• WHAT NEEDS TO BE DONE:
The lines to copy run from the one containing "4-bedroom Villa In Altea, Spain (616 M²)" to the last line of the entries; output those lines exactly and only them, without pictures.

• DATA SUPPLIED:
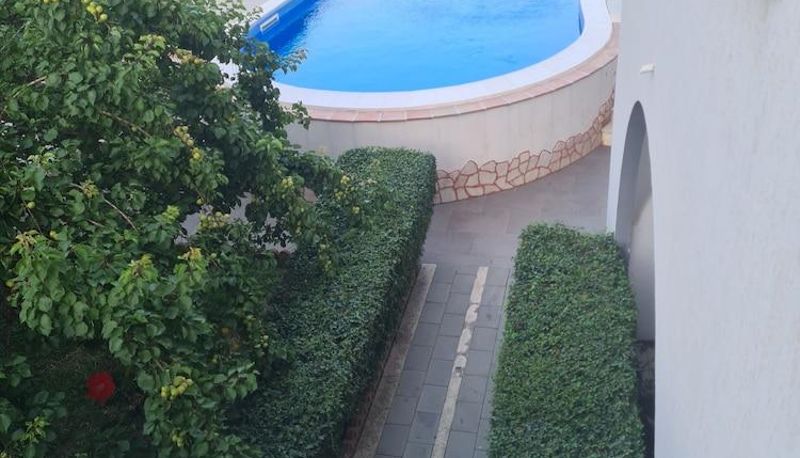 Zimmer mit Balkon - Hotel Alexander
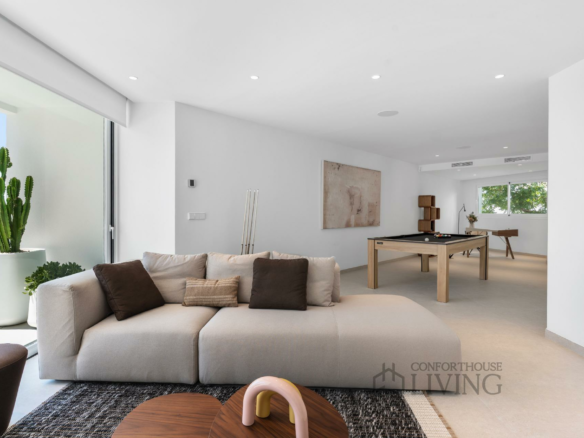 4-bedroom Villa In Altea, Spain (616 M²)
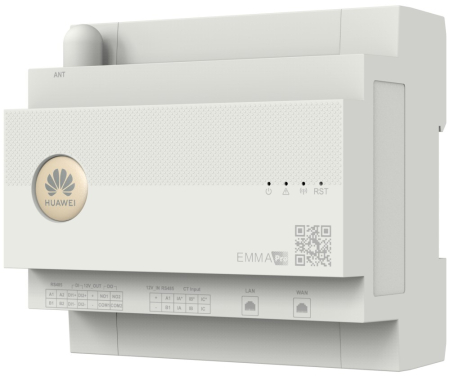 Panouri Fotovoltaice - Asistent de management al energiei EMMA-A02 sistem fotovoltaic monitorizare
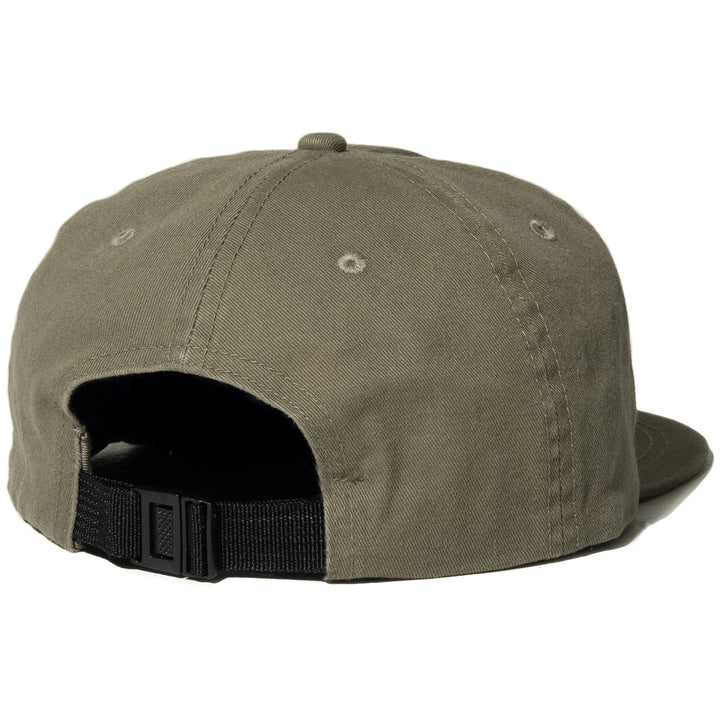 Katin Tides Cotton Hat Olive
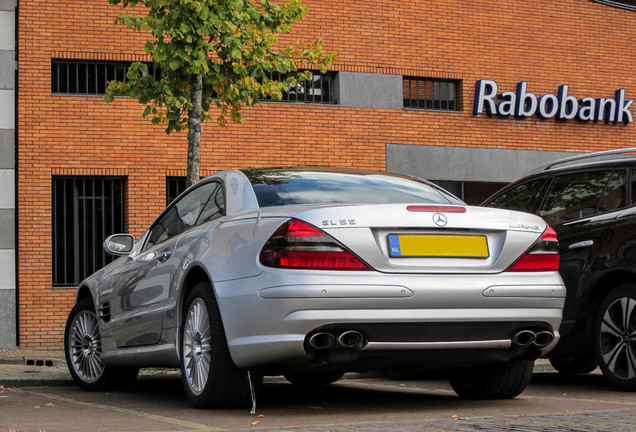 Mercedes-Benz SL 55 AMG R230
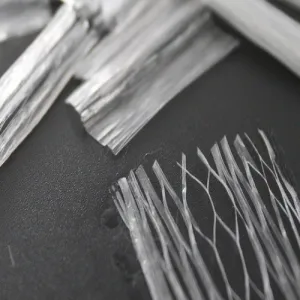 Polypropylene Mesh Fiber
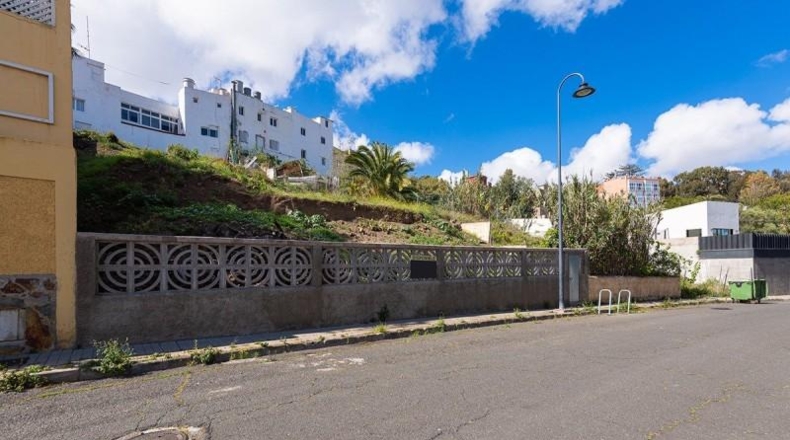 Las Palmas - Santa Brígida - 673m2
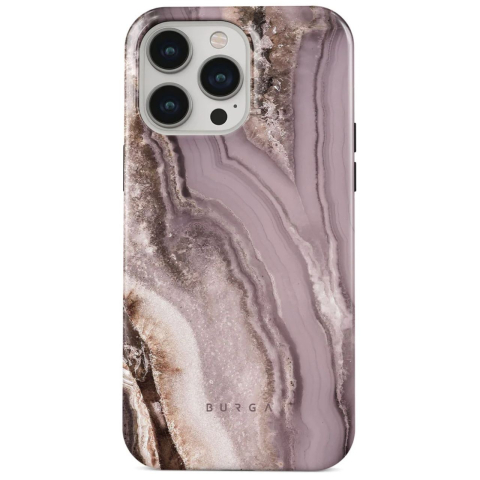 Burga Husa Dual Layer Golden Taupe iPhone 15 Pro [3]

• REPLY:
 4-bedroom Villa In Altea, Spain (616 M²)
 Panouri Fotovoltaice - Asistent de management al energiei EMMA-A02 sistem fotovoltaic monitorizare
 Katin Tides Cotton Hat Olive
 Mercedes-Benz SL 55 AMG R230
 Polypropylene Mesh Fiber
 Las Palmas - Santa Brígida - 673m2
 Burga Husa Dual Layer Golden Taupe iPhone 15 Pro [3]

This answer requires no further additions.